Pastry, mushrooms, cream cheese…and these are a few of my favorite things! When you get them together in crescent dough, you have an easy, pre-dinner appetizer, perfect for a holiday gathering. I started making these little guys many years ago, and as soon as I’d take them out of the oven, it seemed like they were gone! I love sautéed mushrooms, and something about pairing them with white wine, onion and garlic, which makes for a classic combo I can’t resist. We essentially take a basic mushroom sauté and blend it with cream cheese to make our filling. No fruit allowed in these savory roll-ups, not this time. These petite pinwheels bake easily, and have a golden buttery crust. In an effort to keep entertaining festive, we adorn them with some poppy seeds, just for the heck of it.
Time to sauté some shrooms…
- 5 oz sliced mushrooms (I prefer using crimini)
- 8 oz package of cream cheese (I use the ⅓ less fat Neufchatel)
- ¼ sweet white onion, chopped (can use red onion)
- 2T Garlic infused Extra Virgin Olive Oil (EVOO)
- 3T white wine
- ¼ tsp Italian seasoning
- 1 tube crescent roll dough
- poppy seeds for topping
- 1 egg white for basting
- little flour (for handling dough)
- In a medium skillet on stove, heat the garlic EVOO and sauté onion for ~2 minutes.
- Add sliced mushrooms, white wine, Italian seasoning, S&P to taste & sauté till mix is tender & onions translucent.
- Set pan aside for mix to cool.
- In food processor combine cream cheese & mushroom mix, blend till incorporated, smooth, no chunks.
- On large flat surface/cutting board spread small amount of flour.
- Open tube of crescent roll dough, and there will be two halves to the can.
- Remove halves, laying them flat into its rectangular shape pinching together the pre-perferated lines (that were for making crescent triangles), forming solid pieces.
- Join two crescent halves by pinching together to make one dough rectangle (short edge).

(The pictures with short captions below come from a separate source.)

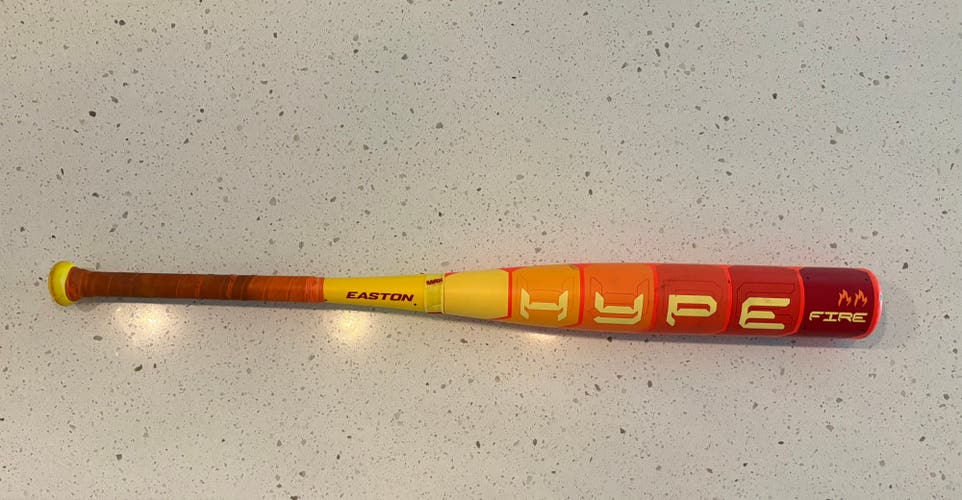 2025 Easton Hype Fire Composite USABat Certified Bat (-8) 22 oz 30" (Used)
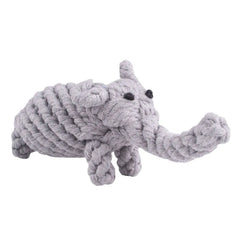 Animal Design Rope Toys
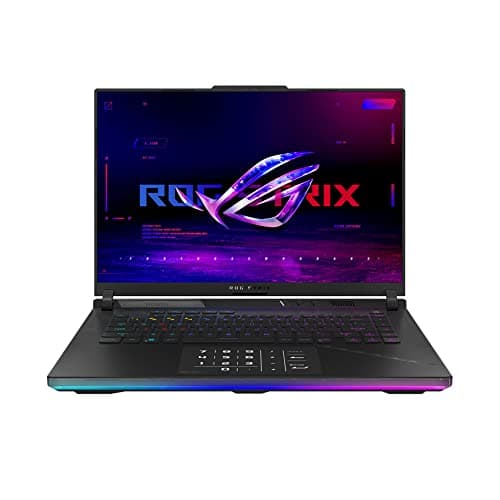 Image of ASUS ROG Stix SCAR 16 Gaming Laptop Intel Core i9-13980HX 2.2GHz 32GB DDR5 RAM 2TB M.2 SSD 16" WQXGA 240Hz NVIDIA GeForce RTX 4080 12GB GDDR6 Graphics Windows 11 Home - G634JZ-NM041W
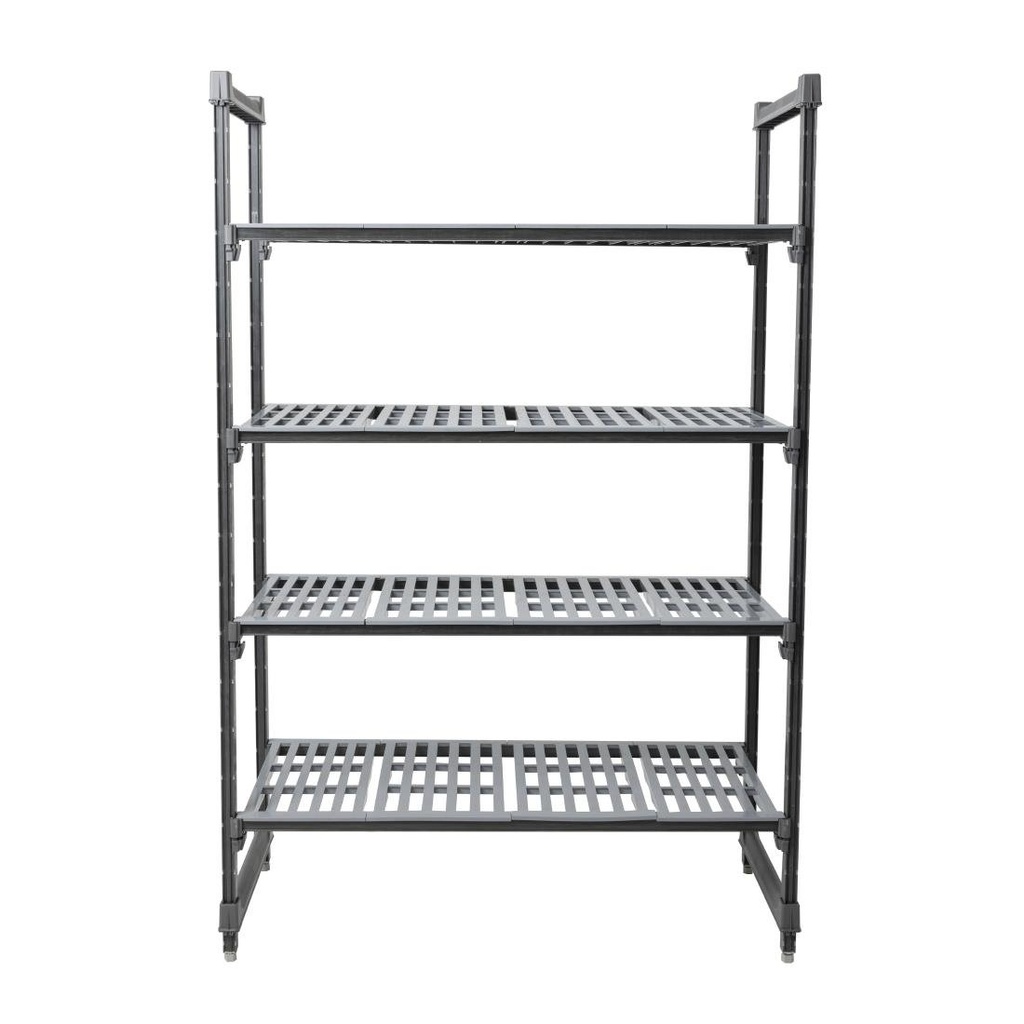 Unité de 4 étagères à claire-voie Cambro 540 x 1220 x 1830mm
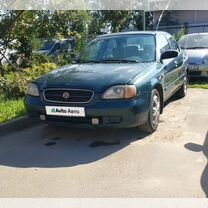 Suzuki Baleno 1.6 MT, 1999, 400 153 км, с пробегом, цена 125 000 руб.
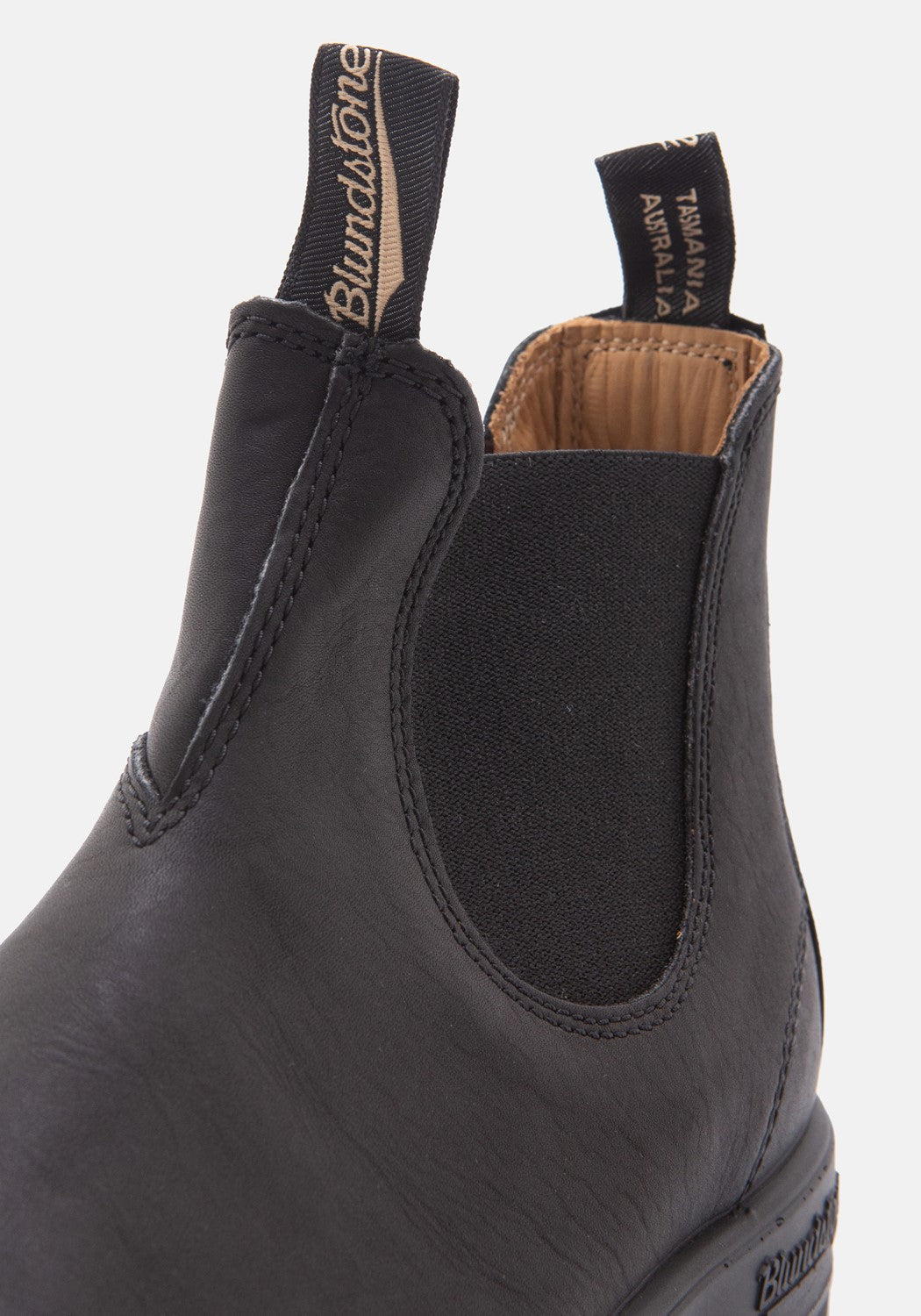 558 Men Voltan Black leather | Bildmaterial bereitgestellt von SHOES.PLEASE.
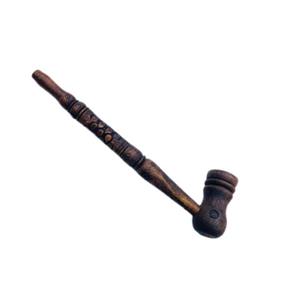 پیپ پایه بلند (چپق) دستساز چوب افرا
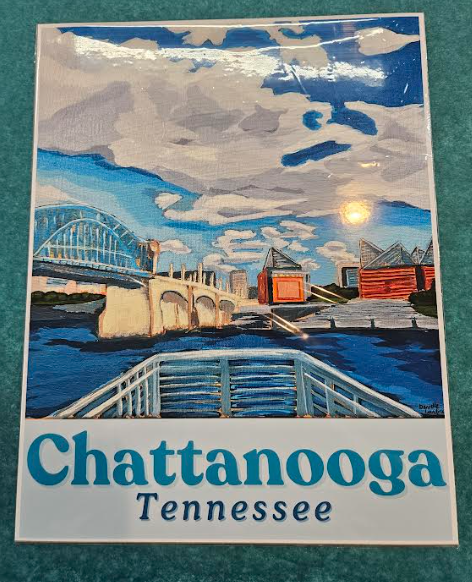 Sunny Day Chattanooga 11x14 Print-Danielle Landrum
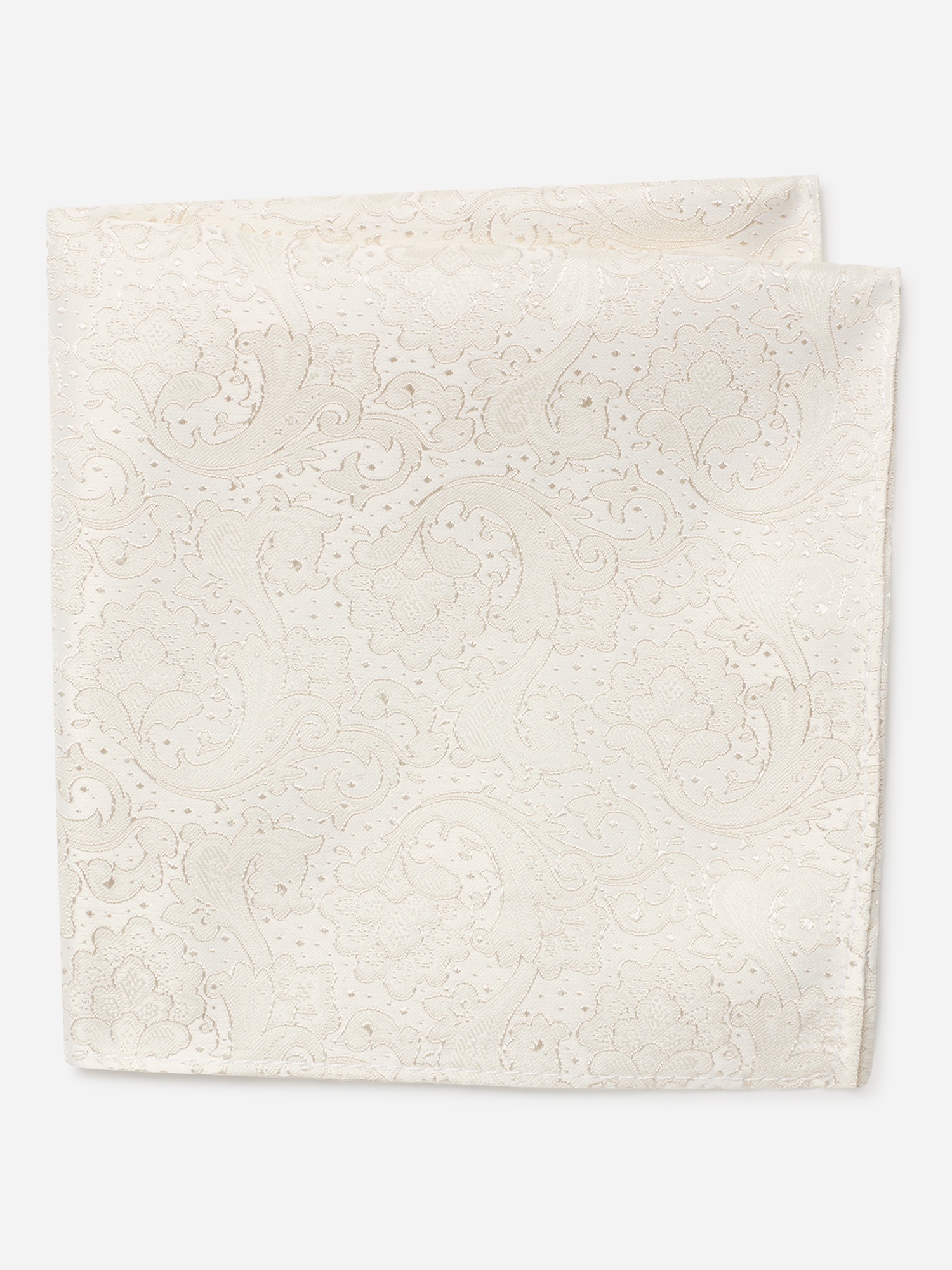MONTI Einstecktuch »TITIAN«, Paisley-Muster, Hochwertig verarbeitetes Einstecktuch handrolliert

- With floured rolling pin, carefully spread out rectangle to about 8x10, so dough is thinner and even.
- Now cut large rectangle of rolled dough in half, width-wise down middle.
- Take mushroom cheese mix & spread over each half liberally & evenly to coat.
- Start with first dough half and roll-up carefully, lengthwise creating a long roll.
- Repeat for 2nd dough half.
- Transfer rolled dough logs to plate, put in freezer to chill for about 5-10 min.
- Remove slightly firmed dough rolls from freezer, and baste top side (seam) down with egg white & sprinkle with poppy seeds.
- Slice each into ~1.5" slices (pinwheels)
- On oiled baking sheet, space out roll-up slices evenly, bake till puffy & browned ~8-10 minutes in 375 degree oven.
- Cool slightly on pan, serve immediately while hot & crisp!
- Let cool completely before storing any leftovers in airtight container.
- Reheat any leftovers in 400 degree oven.
If mushrooms aren’t your thing, you can use other wholesome ingredients to blend with the cream cheese. I’ve varied this recipe using spinach, sun-dried tomatoes & artichoke hearts, even butternut squash with crisped pancetta for a seasonal take. And those are just the savory ones! Don’t even get me started on the sweeter variations…spiced pumpkin butter & cream cheese anyone? Looks like I’m going to need another tube of crescent dough…
If you don’t have time to make mini mushroom quiches for your next gathering, then I highly recommend these. Our roll-ups are easier, not to mention healthier than traditional quiche, and you’ll have no problem getting these ready in a flash. Using pre-made doughs such as puff pastry, biscuit or crescent, is an incredible time saver and frankly, I very rarely have time to make homemade dough! These convenient varieties bake-up consistently, and with a little egg white you can ensure they’ll achieve that perfect golden color…and let’s face it, the mushrooms themselves could use a little brightening up!
Luckily they taste nothing short of delicious! With the upcoming holidays, these will be on my menu. I hope you too find an occasion to share some with good wine & good friends!